Jupyter Support in Fusion
Jupyter is an open source web application that allows you to create and share documents that contain live code, equations, visualizations, and narrative text.
Fusion 5 provides a Jupyter service that can be run from the Fusion Helm chart. See How to enable Jupyter and How to use Jupyter with Fusion SQL.
This feature is not available in Managed Fusion environments. |
Why Jupyter
Jupyter is evolving, and it has a number of kernels that support different programming languages. With Jupyter, you can run Spark in Scala or Python and run Fusion SQL at the same time in Python. This versatility gives you options to debug and try out various Fusion features. By integrating BeakerX, we get access to a wide variety of kernels and visualization features. And by configuring Jupyter, we can hide it behind the Fusion gateway (proxy) service and avoiding exposing the Jupyter IP externally.
What this service is for
-
Run/Debug Spark code in Scala/Python (Replacement for spark-shell)
-
Run SQL queries via Fusion SQL
-
Debug Scala and SQL transforms in PBL jobs
-
Everything else for which Jupyter is designed
What this service is not for
This service is not for running Spark jobs in a Kubernetes cluster.

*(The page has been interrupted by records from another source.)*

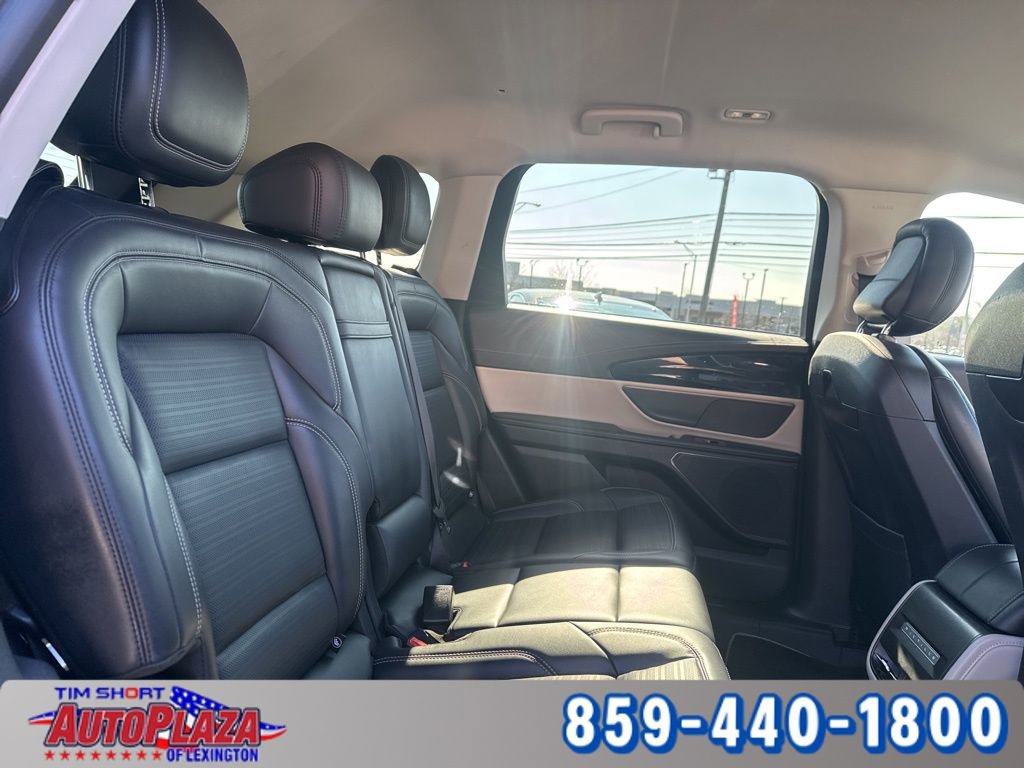 Used 2024 Lincoln Nautilus Reserve image 28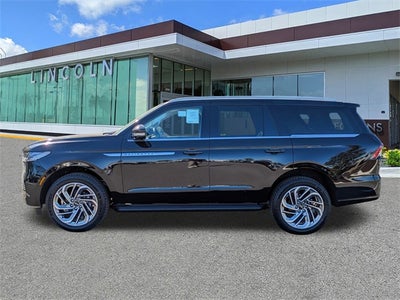 2026 Lincoln Navigator Premiere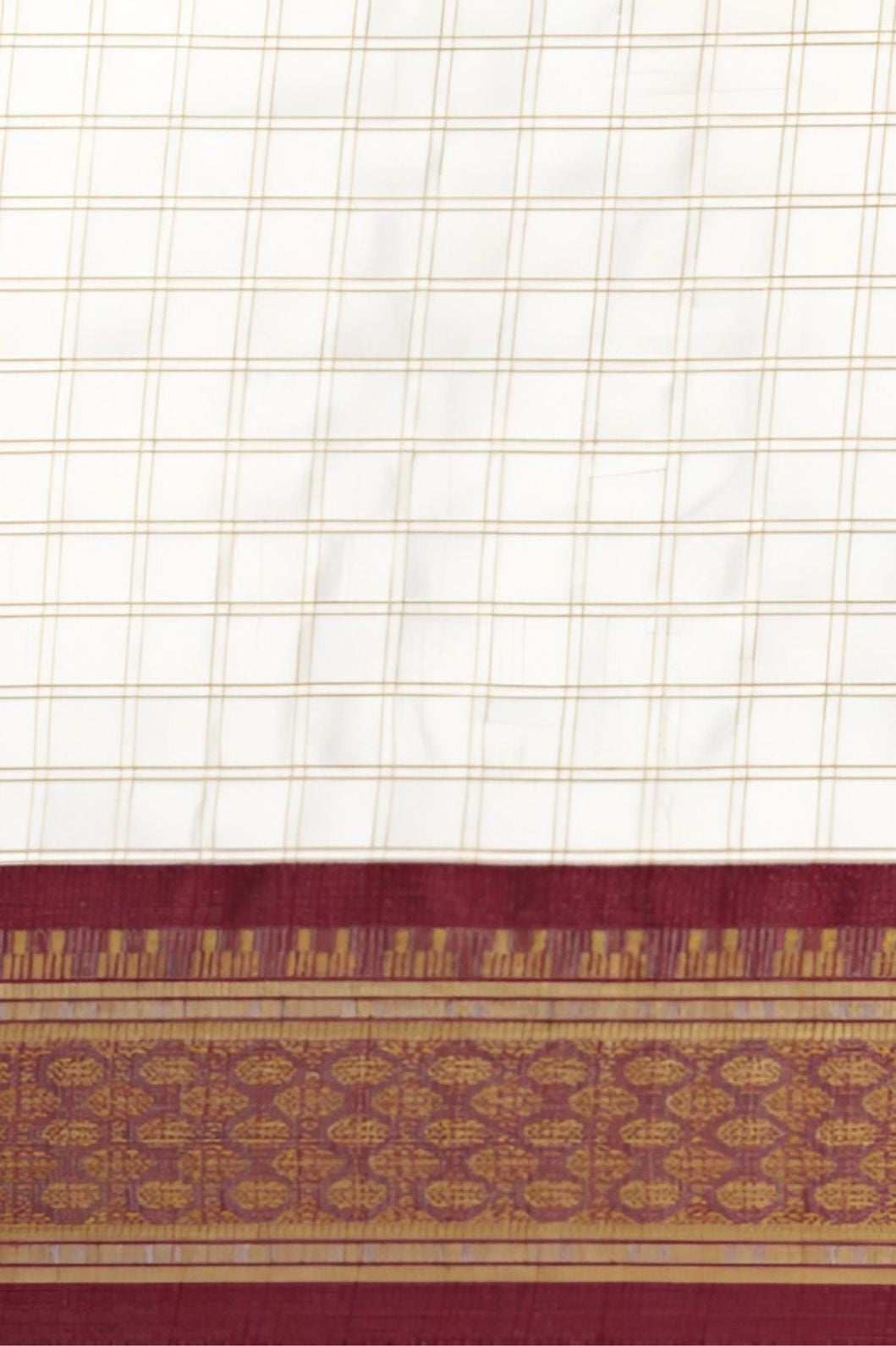 Close-up of pallu showing maroon threadwork and silk blend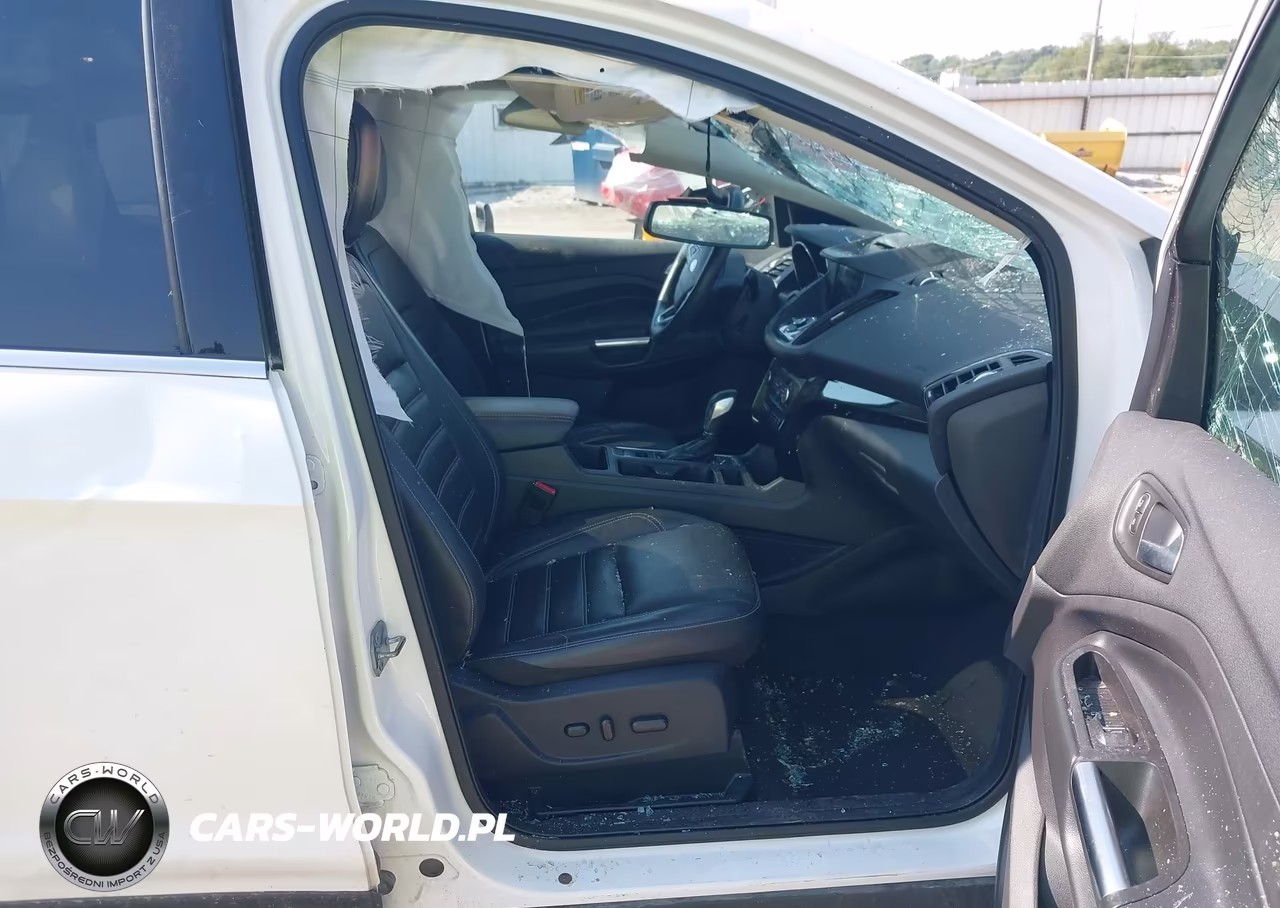 2018 Ford Escape Titanium VIN:1FMCU9J99JUC62138 - 5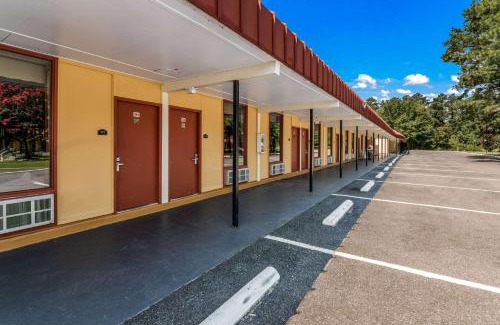 Pocomoke City Cabin | Econo Lodge Pocomoke City Hwy 13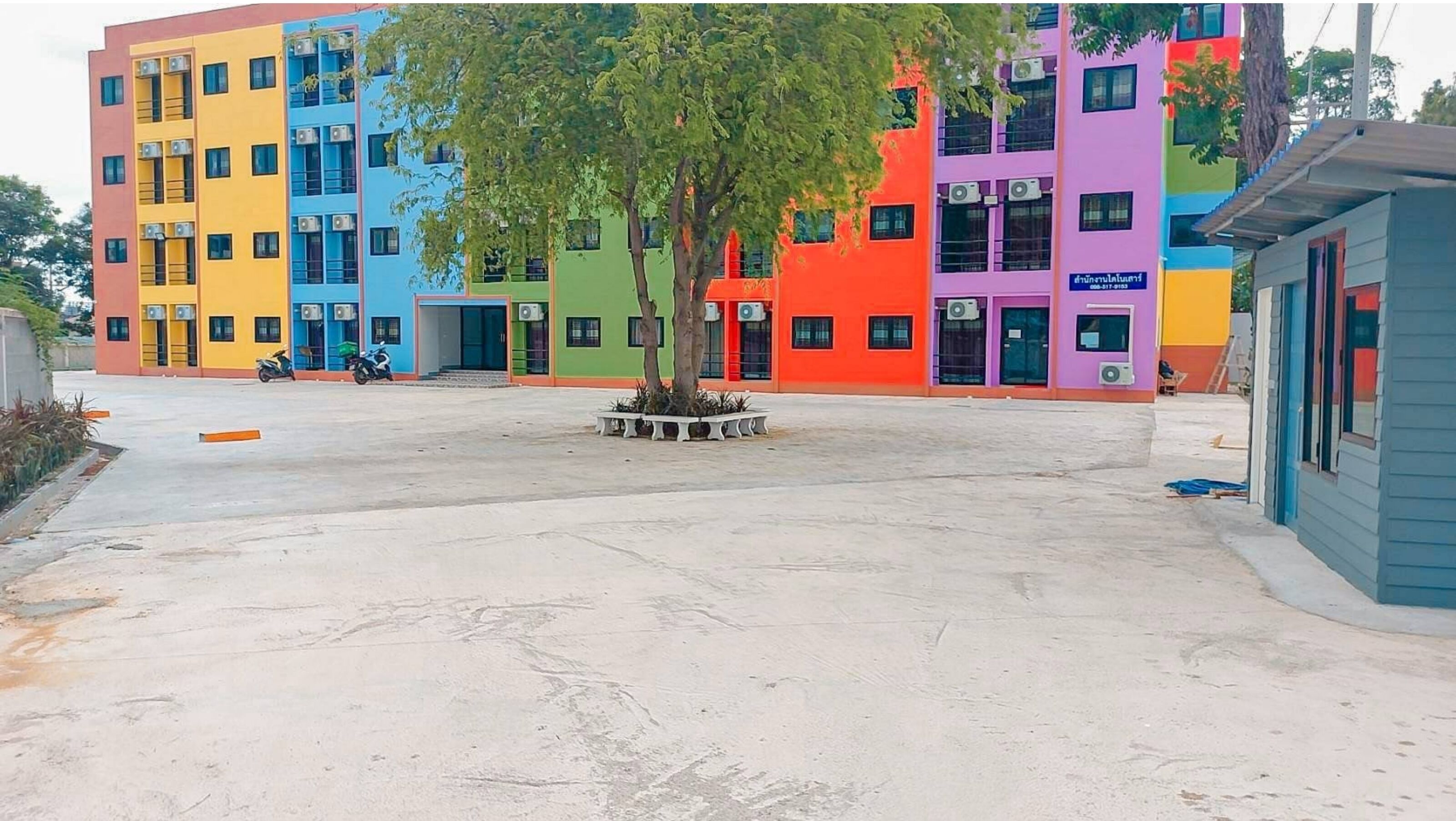 Dinosaur Apartment by OYO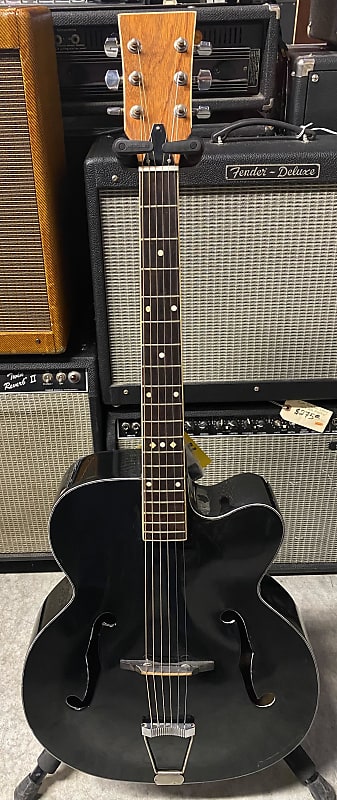 Unmarked Archtop 1950's - Black image 1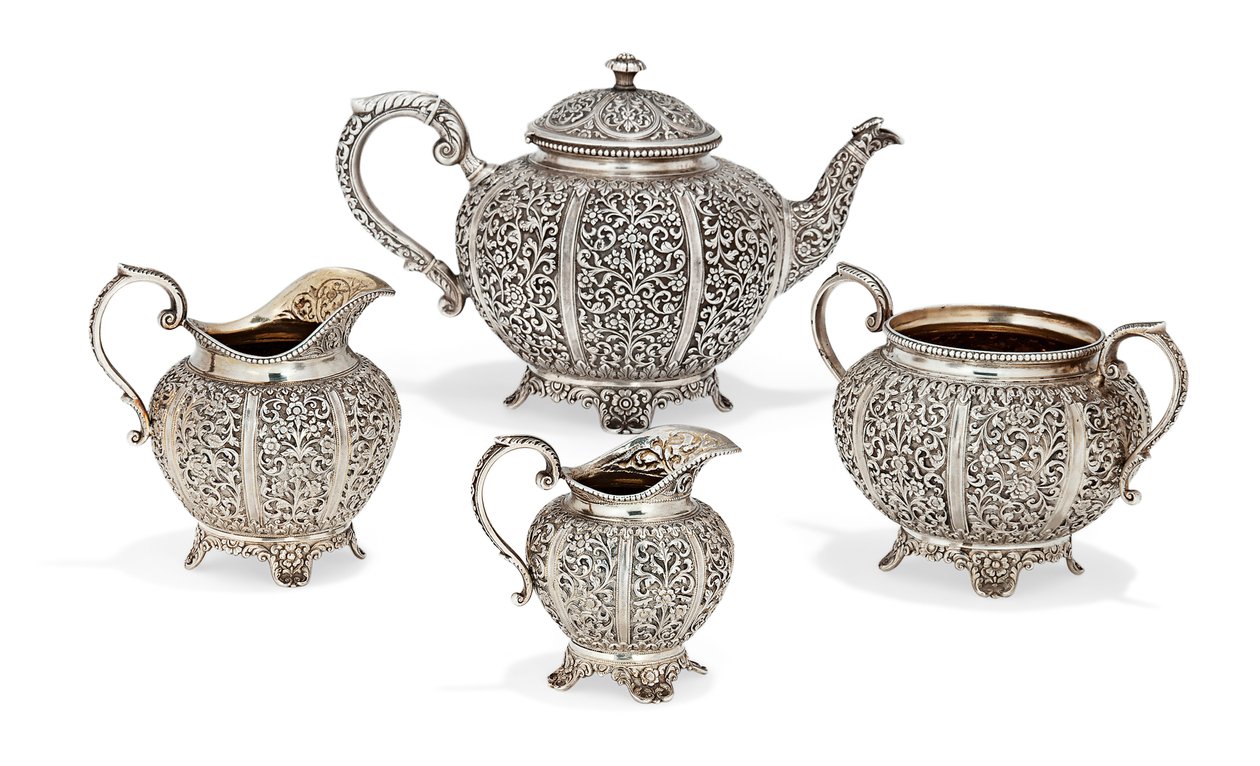 Repousse teservis i fyra delar, sent 1800-tal (silver) (se även 996381) av Oomersi Mawji
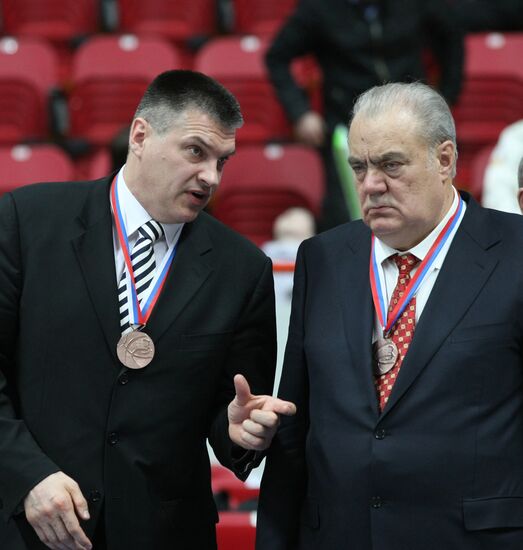 Yevgeny Pashutin and Yevgeny Bogachyov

The Jupyter pod does not have access to create or delete pods in a Kubernetes cluster, and therefore you cannot run jobs from Jupyter notebook in a Kubernetes cluster. However, Spark local mode can be used with a higher driver memory if needed.
We recommend sampling data for debugging Jupyter and then running the actual job using the Fusion jobs UI.
Configuration tips
-
The Jupyter pod IP is
ClusterIP
and not exposed externally. We recommend accessing it via the Fusion proxy and not exposing the pod IP viaLoadBalancer
. -
Jupyter can also be accessed via port-forwarding and available via
localhost:8888/jupyter
-
Idle notebooks and kernels are shutdown after 60 mins of inactivity. Note that any additional libraries installed via
pip
will need to be re-installed when the pod is recycled. -
This image is baked with Python 3.6+.
JupyterHub
Customers who run JupyterHub can use lucidworks/fusion-jupyter
to launch notebooks with the Fusion Jupyter image.